ICH è più comunemente concesso ad attività più oscure, come il ballo Mwinoghe del Malawi o la cultura della cornamusa slovacca, ma il reggae giamaicano e l’enorme festival indiano Kumbh Mela sono stati riconosciuti e il festival Pride di Amsterdam è stato sostenuto dal governo olandese. Riconoscere la techno aprirebbe l’accesso ai sussidi governativi e ad altre fonti di finanziamento e i club otterrebbero una protezione aggiuntiva secondo le leggi urbanistiche.
“La protezione dell’UNESCO aiuterebbe molto a stabilire la techno e la club culture come una forza sociale legittima con un valore storico e degna del sostegno del governo, non solo musica e droghe da club edonistiche e usa e getta”, ha affermato Oldham. “Alla fine, anche la mia città natale, Detroit, potrebbe trarne vantaggio”.
Dimitri Hegemann, che ha fondato Tresor – “il caveau” – sotto un ex grande magazzino a Berlino est, è un altro sostenitore. “Dopo la caduta del muro di Berlino, la techno ha trasformato la città di Berlino”, ha detto. “Ai ragazzi dell’Est piaceva, ai ragazzi dell’Ovest piaceva e ne erano legati. È stata un’occasione per provare qualcosa di nuovo, come dopo la seconda guerra mondiale a Parigi, quando Miles Davis arrivò con il cool jazz.
“Nel 1989, 1990, persone nei paesi dell’est, come la Polonia, vennero a Tresor e non parlavano inglese. Questa nuova generazione di techno di Detroit, Underground Resistance e così via, non aveva parole. Non c’erano messaggi stupidi. Era solo musica con cui potevamo ballare”.
La techno fa ancora parte del tessuto della città, secondo Peter Kirn, un DJ e produttore musicale con sede a Berlino. “Puoi letteralmente sentire questa musica risuonare da tutti gli angoli. È davvero ovunque”, ha detto. “In altre città, la gente non accetterebbe musica davvero dura o strana e piena di sintetizzatori e drum machine davvero brutali e distorte. Non puoi suonarlo nelle ore di punta in un club, figuriamoci a pranzo. E qui è assolutamente accettabile suonarlo durante il pranzo”.

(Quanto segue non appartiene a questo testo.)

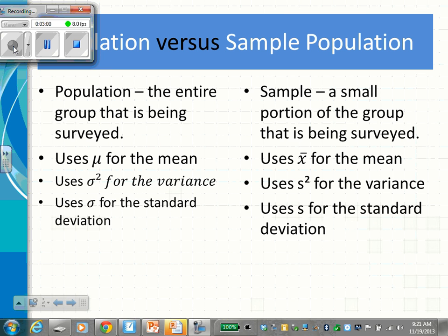Sometimes you give a survey to a population — that means you give it to the entire group being surveyed. If I wanted to survey about what kind of clubs we want and I'm going to survey the entire population, then I'm going to give the survey to every single 8th grader, every single 9th grader, every single 10th, 11th, and 12th grader. A population is the entire group.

Inizialmente era scettico sull’offerta dell’Unesco, ma ha riconsiderato. “Mi sono reso conto che è proprio come con qualsiasi musica folk: c’è sempre questo tipo di scontro tra il tipo tradizionale e quello sperimentale. La tensione tra queste due cose lo spinge avanti”.
Gli artisti neri di Detroit come Oldham e Juan Atkins si stavano trasferendo a Berlino perché offriva un supporto migliore rispetto agli Stati Uniti, sia in termini di finanziamenti per le arti che per questioni come l’assistenza sanitaria, ha detto Kirn. È anche il centro della musica elettronica, la casa di Ableton e Native Instruments, che creano il software e gli strumenti dietro i ritmi più moderni.
“La techno è diventata un rifugio per le persone emarginate e c’è un’attrazione naturale nei confronti di Berlino come luogo più permissivo, quando vieni da luoghi meno permissivi”, ha detto Kirn.
“Berlino si trova su questa linea di frattura tra l’ Europa occidentale e l’Europa orientale. E anche se gran parte dell’attenzione è concentrata su ciò che significava negli anni ’90, quando il muro è caduto, c’è stata meno attenzione su ciò che sta accadendo ora: la Georgia è in crisi, la Polonia è in crisi, la Russia è in crisi. Quindi le persone di tutti quei posti guardano a Berlino come un hub per una sorta di risposta sociale radicale”.